Comme je le dis souvent, le miroir est brisé, il faut en avoir un autre. On ne devra plus tenter de recoller les morceaux, car il ne sera plus possible
Depuis les années 1990, Haïti a initié des aménagements, des arrangements, des remaniements, des adaptations, des changements mineurs dans les pratiques, dans les procédures comme dans les noms des structures étatiques. On a beau annoncer multiples réformes à plusieurs niveaux dans la gouvernance politique et économique du pays sans jamais arriver à redéfinir certains rapports fondamentaux. Ces derniers ont été déterminants dans la catastrophe du passé, ils le sont encore dans l’explication du présent et le seront encore pour définir l’avenir, si on ne fait pas la rupture.
Le problème fondamental du pays n’est pas la montée du dollar, l’inflation qui augmente ou le déficit budgétaire qui se creuse. Le problème fondamental du pays n’est pas la mauvaise qualité de nos routes, les montagnes d’immondices qui jonchent nos rues, ni le blackout général.
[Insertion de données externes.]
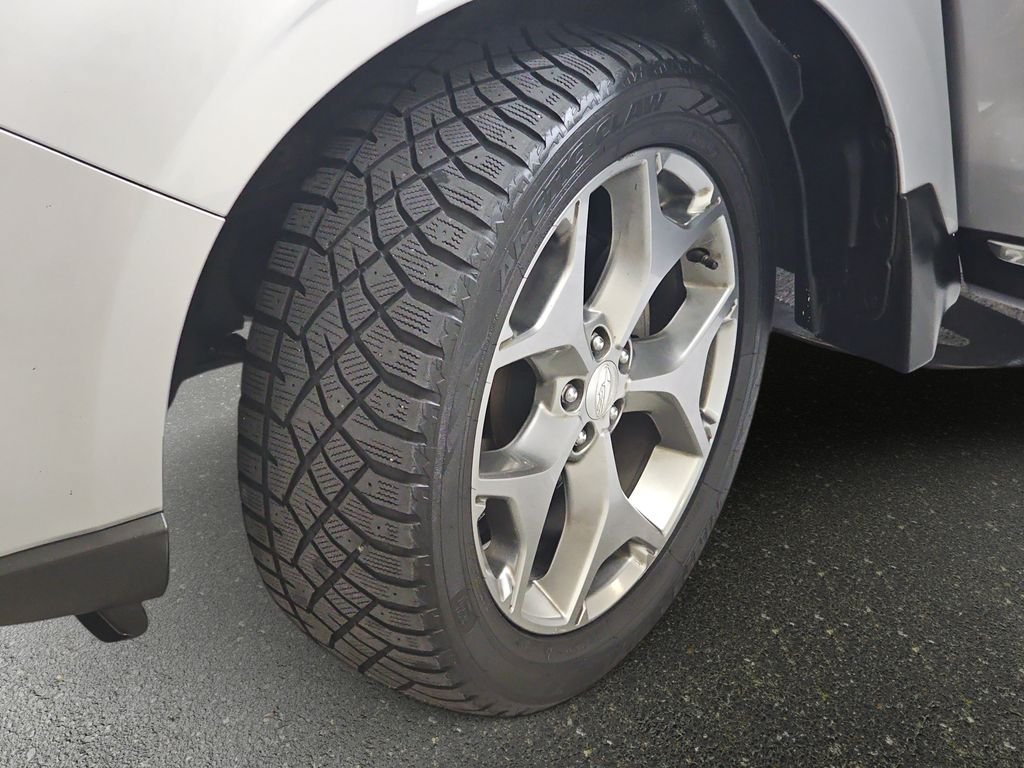 Used 2016 Subaru Forester 2.5i Touring w/ Eyesight & Navigation System AWD/4WD image 35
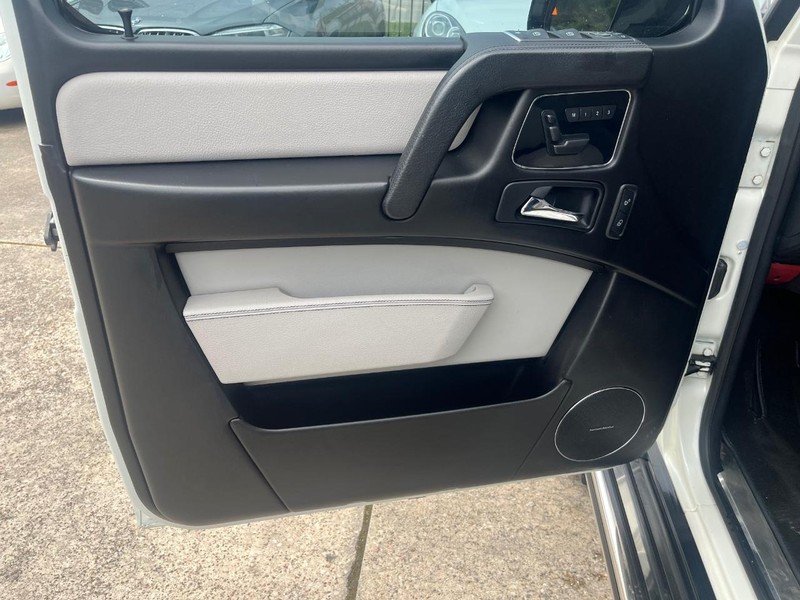 Mercedes-Benz G-Class Vehicle Full-screen Gallery Image 12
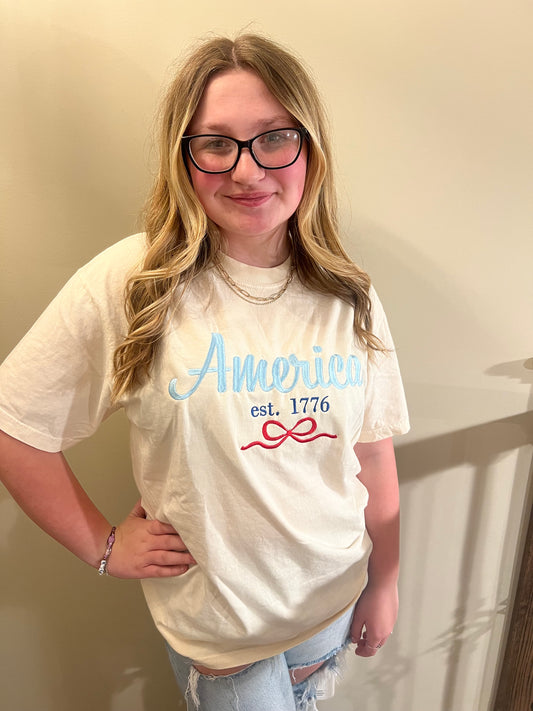 Embroidered 1776 America Bow Short Sleeve Tee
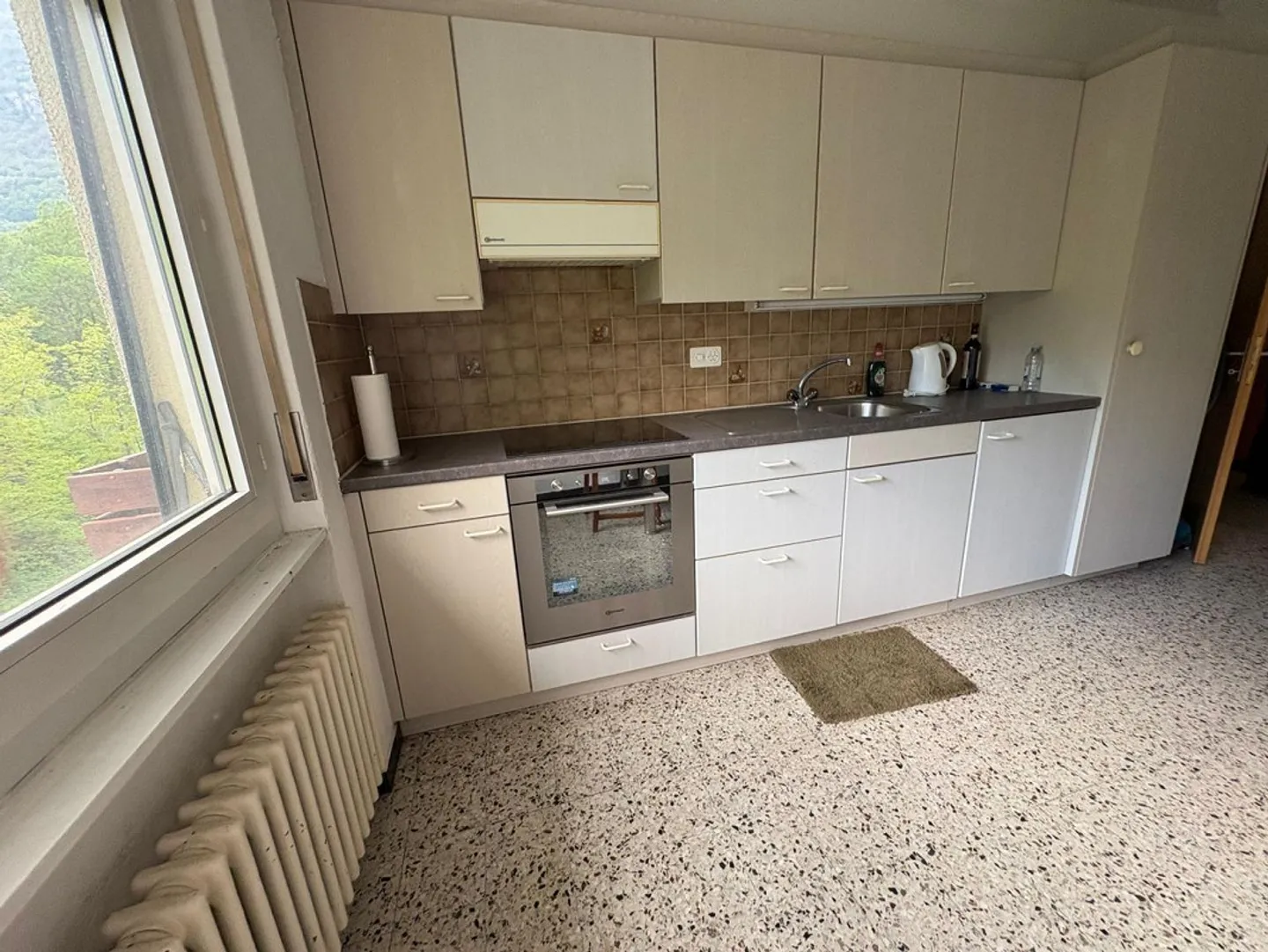 2 1/2-Room Apartment on the Second Floor - Photo 10 of 29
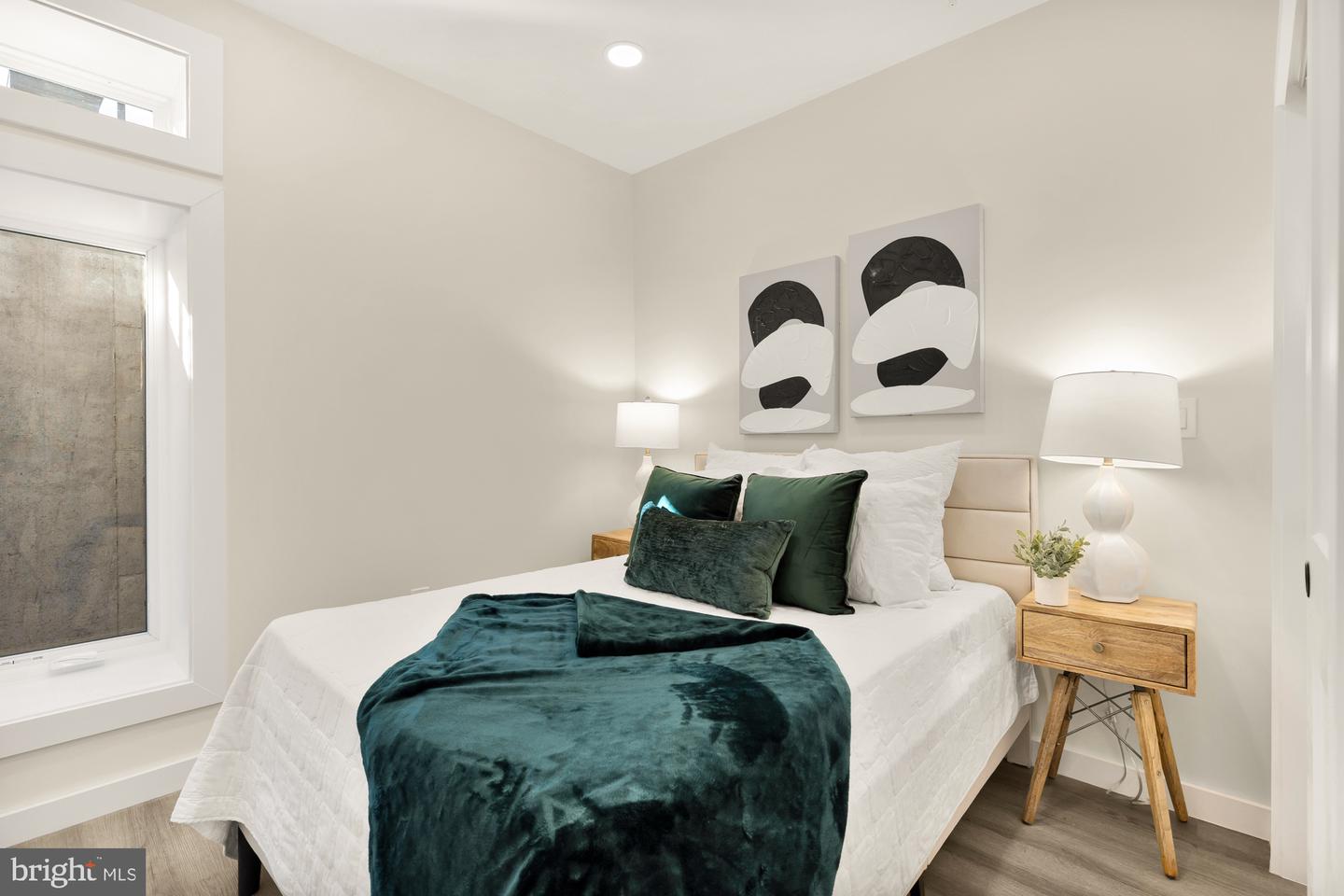 2606 41ST ST NW #4, WASHINGTON, District Of Columbia 20007, 2 Bedrooms Bedrooms, ,2 BathroomsBathrooms,Residential,For sale,2606 41ST ST NW #4,DCDC2225736 MLS # DCDC2225736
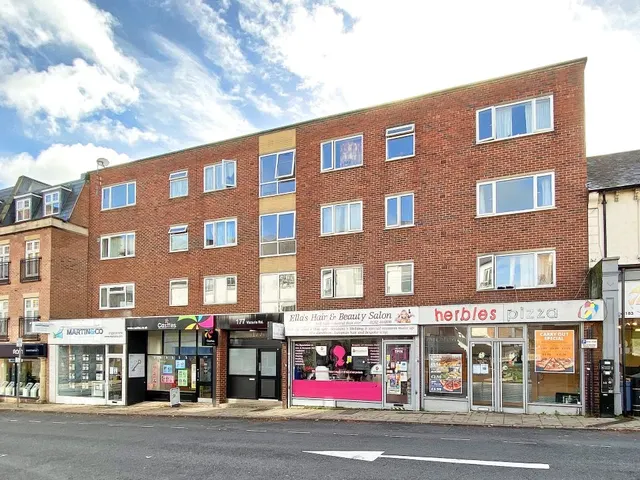Victoria Road, Aldershot, GU11, photo 1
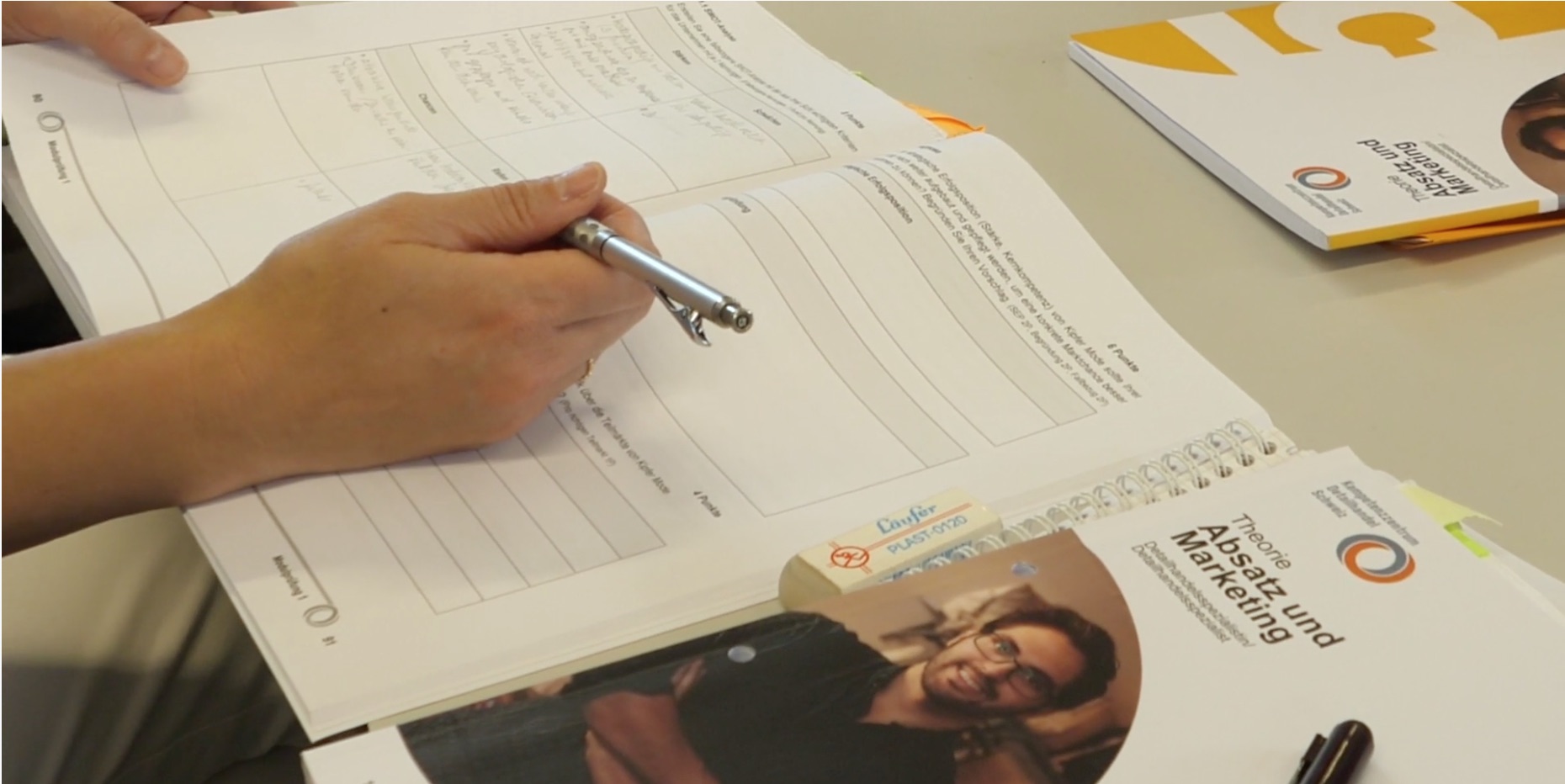 Unterlagen aus der Ausbildung Detailhandelsspezialist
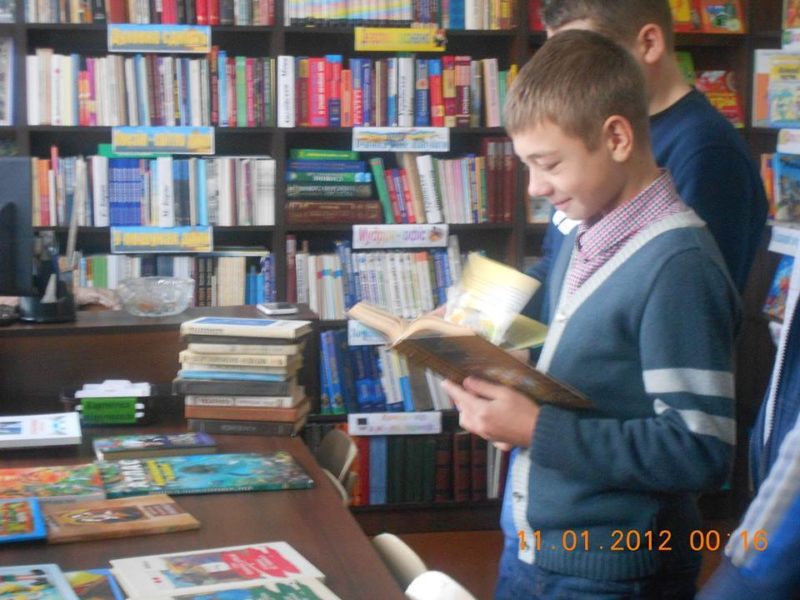 Прикарпатські енергетики подарували шкільній бібліотеці книги (ФОТО)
Le problème fondamental du pays ne réside pas dans l’existence des gangs armés qui font la loi dans nos quartiers et prennent le contrôle de certaines routes nationales. Ces phénomènes résultent d’un problème de plus grande envergure, sur lequel il est urgent de se pencher.
Il s’agit d’un État central qui n’a pas su (re) définir les rapports qu’il entretient avec la vérité, le peuple, le monde rural, le pouvoir législatif, les collectivités territoriales, le secteur privé et la communauté internationale.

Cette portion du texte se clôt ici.